[Scraped caption text data]
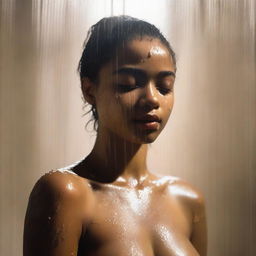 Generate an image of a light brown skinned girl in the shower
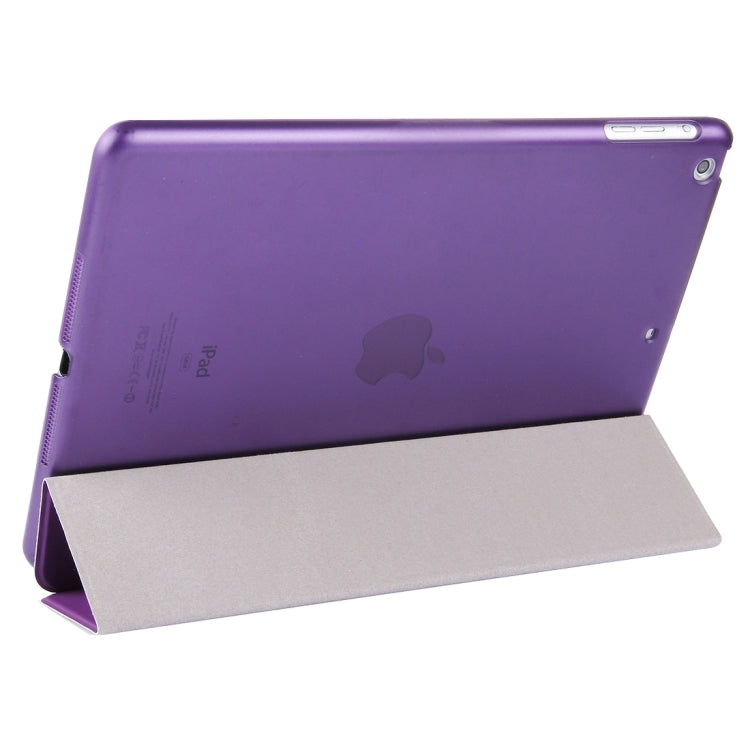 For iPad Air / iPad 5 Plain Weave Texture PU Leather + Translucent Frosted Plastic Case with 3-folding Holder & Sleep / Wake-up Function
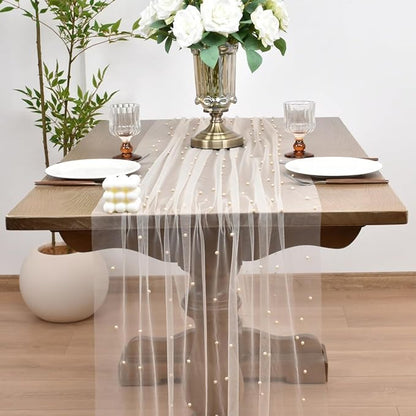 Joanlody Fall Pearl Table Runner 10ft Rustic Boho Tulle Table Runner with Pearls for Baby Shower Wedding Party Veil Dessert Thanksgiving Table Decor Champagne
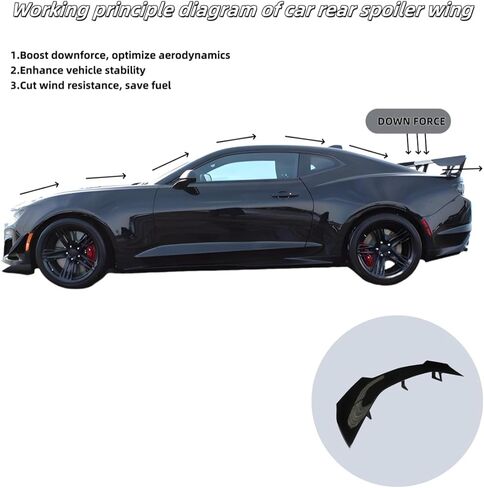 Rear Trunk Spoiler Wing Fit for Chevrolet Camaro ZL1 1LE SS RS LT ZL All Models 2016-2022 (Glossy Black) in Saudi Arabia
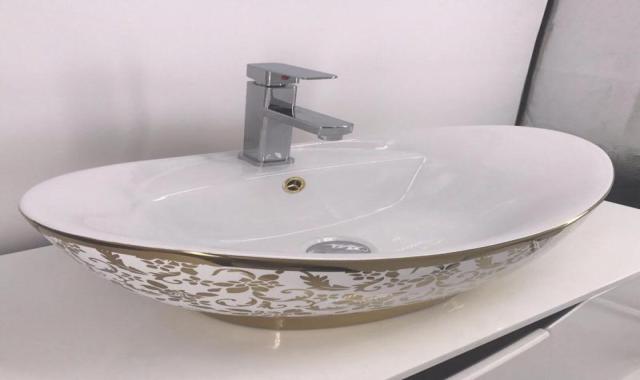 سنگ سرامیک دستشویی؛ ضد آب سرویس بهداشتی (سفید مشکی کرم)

- What you are asked to do
The entries above need to be transcribed exactly, with the images left out.

- Answer to this exercise
 Generate an image of a light brown skinned girl in the shower
 For iPad Air / iPad 5 Plain Weave Texture PU Leather + Translucent Frosted Plastic Case with 3-folding Holder & Sleep / Wake-up Function
 Joanlody Fall Pearl Table Runner 10ft Rustic Boho Tulle Table Runner with Pearls for Baby Shower Wedding Party Veil Dessert Thanksgiving Table Decor Champagne
 Rear Trunk Spoiler Wing Fit for Chevrolet Camaro ZL1 1LE SS RS LT ZL All Models 2016-2022 (Glossy Black) in Saudi Arabia
 سنگ سرامیک دستشویی؛ ضد آب سرویس بهداشتی (سفید مشکی کرم)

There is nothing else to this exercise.